O lançamento de Andrada para o governo da cidade tem dois objetivos. Derrotar Danuza Bias Fortes (PMDB), que não é apenas a atual prefeita mas, principalmente, integrante de uma família que há cerca de 90 anos se digladia com parentes do conselheiro pelo poder na cidade. A outra meta é reerguer os Andradas no cenário estadual. O pai de Antonio Andrada, o deputado federal Bonifácio Andrada (PSDB), ficou como quarto suplente nas eleições de 2010, e só assumiu o cargo com a convocação de quatro parlamentares de sua coligação para o secretariado do governador Antonio Augusto Anastasia (PSDB). O patriarca, de 82 anos, articula para se lançar ao Senado ou integrar chapa como vice-governador na disputa pelo Palácio da Liberdade em 2014.

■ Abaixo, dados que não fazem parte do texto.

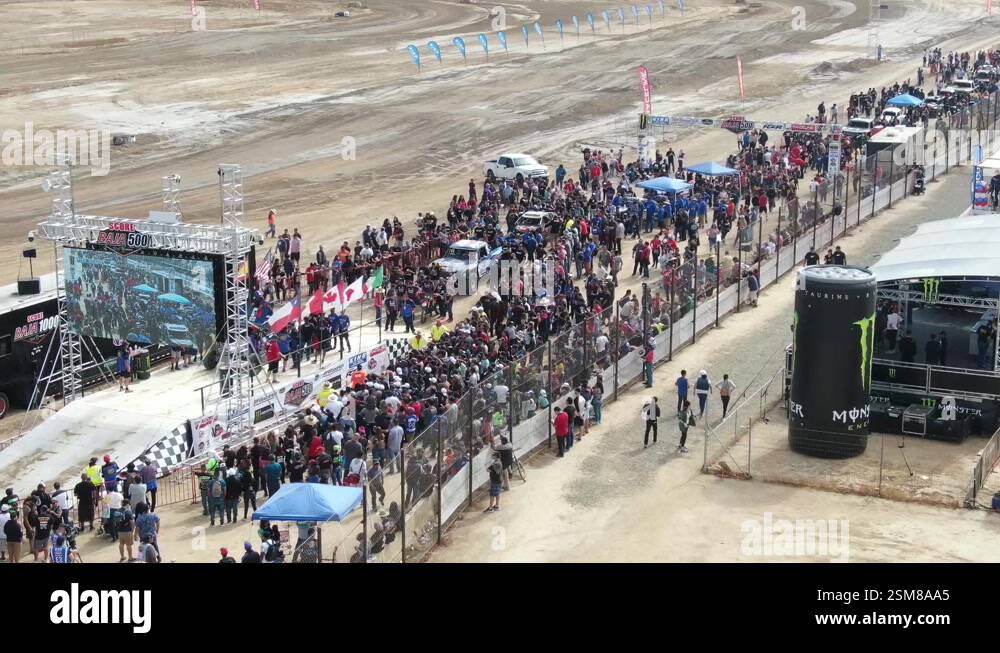 Rally baja Stock Videos & Footage - HD and 4K Video Clips - Alamy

Um dos irmãos de Antonio Andrada, Martim Andrada (PSDB), governou Barbacena entre 2005 e 2008, mas perdeu a reeleição para Danuza. A avaliação na cidade hoje é que o tucano não tem condições de entrar em novo embate com a prefeita. Outro irmão do presidente do TCE, o deputado estadual Lafayette Andrada (PSDB), tem nicho eleitoral em Juiz de Fora, na Zona da Mata. O parlamentar foi secretário de estado de Defesa Social, mas o governador pediu o cargo há duas semanas, depois da divulgação do aumento dos índices de criminalidade no estado. Somente de assassinatos, o crescimento foi de 22,1%.
Abaixo-assinado
Na quarta-feira, Antonio Andrada recebeu no gabinete no TCE um abaixo-assinado com 10,6 mil nomes de adeptos do “Volta Toninho”. Conforme a legislação, o prazo para desincompatibilização de conselheiros e magistrados é menor, quatro meses antes do pleito. Em 2012, o primeiro turno das eleições municipais será em 7 de outubro. Secretários de estado, por exemplo, têm que deixar o cargo em abril.

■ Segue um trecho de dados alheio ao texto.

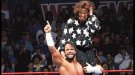 Randy Savage - Photo 0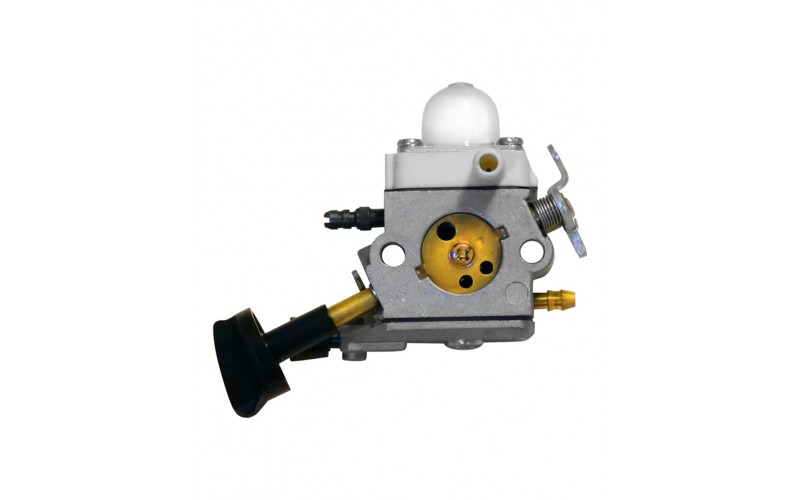 CARBURATEUR C1M-S 261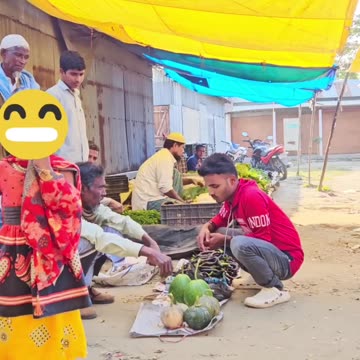 আছে আন্নে কোইন নাই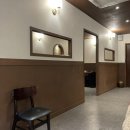 정성육회 구미시청점 이미지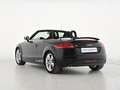 Audi TT roadster 1.8 tfsi advanced Nero - thumbnail 4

Por exercer o posto, Andrada não pôde permanecer filiado a um partido. Antes de assumir o cargo no TCE, disputou as duas eleições para deputado estadual pelo PSDB. O presidente do tribunal afirmou apenas ter recebido o abaixo-assinado e que pretende discutir com o governador, o presidente da Assembleia, Dinis Pinheiro (PSDB), e o procurador-geral de Justiça, Alceu José Torres Marques, antes de tomar uma decisão. “É uma questão de gentileza. Fazemos um trabalho em conjunto”, diz. Caso vença a eleição, Andrada perde o foro de conselheiro, que se equivale ao dos desembargadores.

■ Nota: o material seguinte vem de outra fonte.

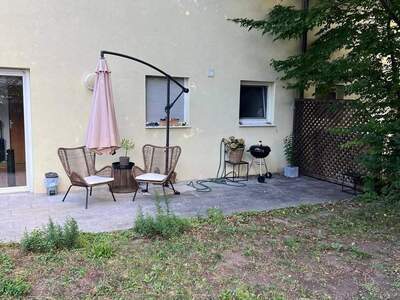 Mietwohnung provisionsfrei in 2325 Himberg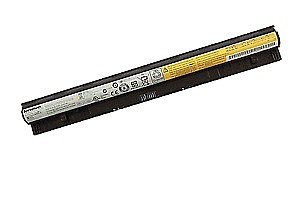 ����� ������ ����� ���� Lenovo G500 4 cell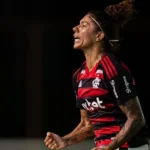 Copa das Autoras nomeia Cristiane, Juliana Cabral e Japa Mayumi embaixadoras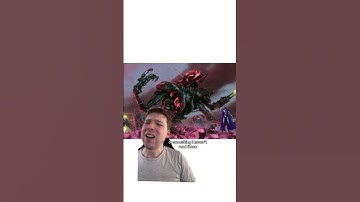 Why people think robots took over in Dune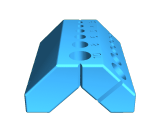 drill guide-0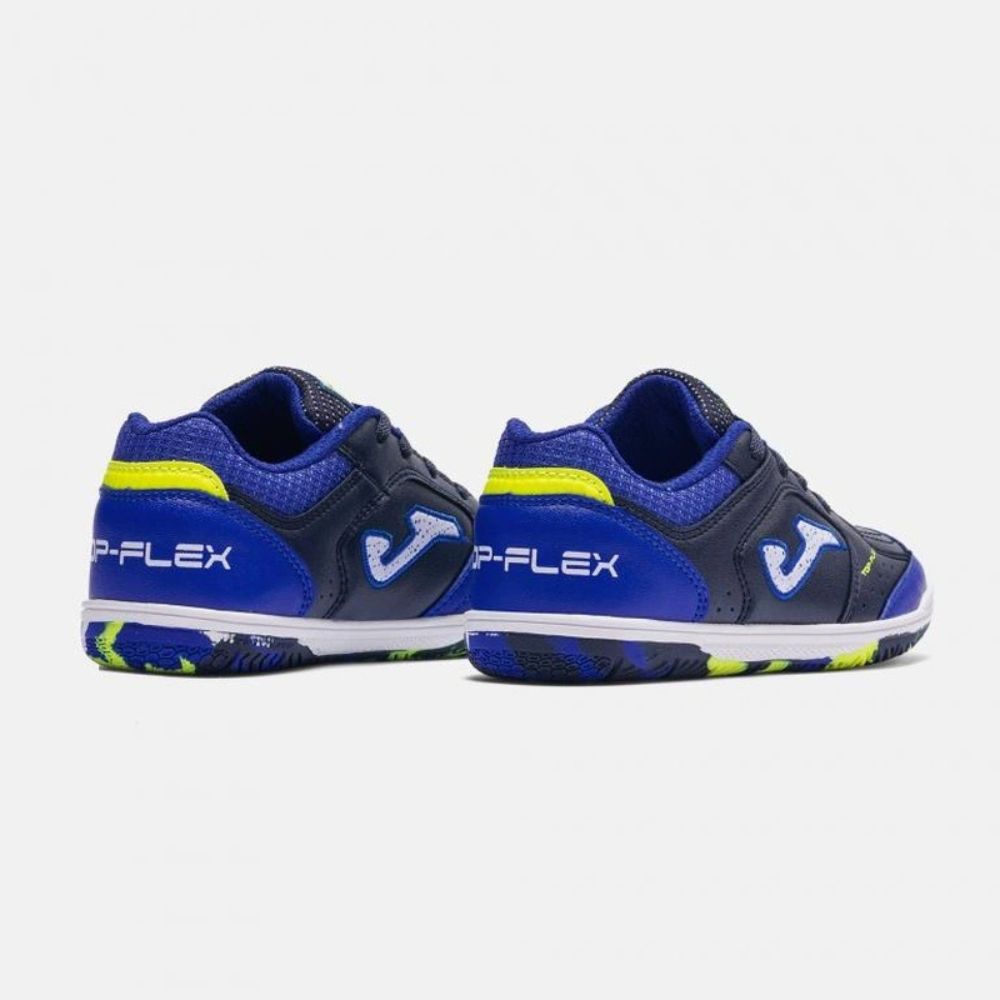 JOMA TOP FLEX INFANTIL (IC)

Na hipótese de aceitar a candidatura a prefeito de Barbacena, Adriene Andrade, vice-presidente do TCE e mulher do senador Clésio Andrade (PMDB), deverá assumir a presidência do tribunal. Apesar de a escolha ser feita em eleição com o voto dos sete conselheiros, existe um acordo entre o grupo para que a cadeira ocupada por Adriene seja a próxima indicada à sucessão de Andrada. Conforme o regimento do TCE, a eleição acontece 15 dias depois da renúncia do presidente.
Memória
Verdade ou mito?
A influência dos Andradas e dos Bias Fortes em Barbacena remonta à última metade do século 19. Tudo começou com uma aliança entre as duas famílias, que passaram a comandar a vida política local. No entanto, com a Revolução de 1930 e o surgimento de novos líderes estaduais e municipais, foi inevitável a ruptura entre os grupos. Desde então, a cidade mineira se tornou palco de acordos, disputas e conchavos por poder. Seus solares se tornaram templos políticos, onde de um lado estava uma influente família presente em vários momentos da história brasileira – o que inclui o processo de independência do Brasil – e do outro uma oligarquia local cuja história se confunde com a ocupação da região. Mas há quem diga que a rivalidade entre os dois grupos é um mito, uma vez que eles apresentavam ideias conservadoras semelhantes e dificultaram a ascenção de outros líderes e ideais políticos locais.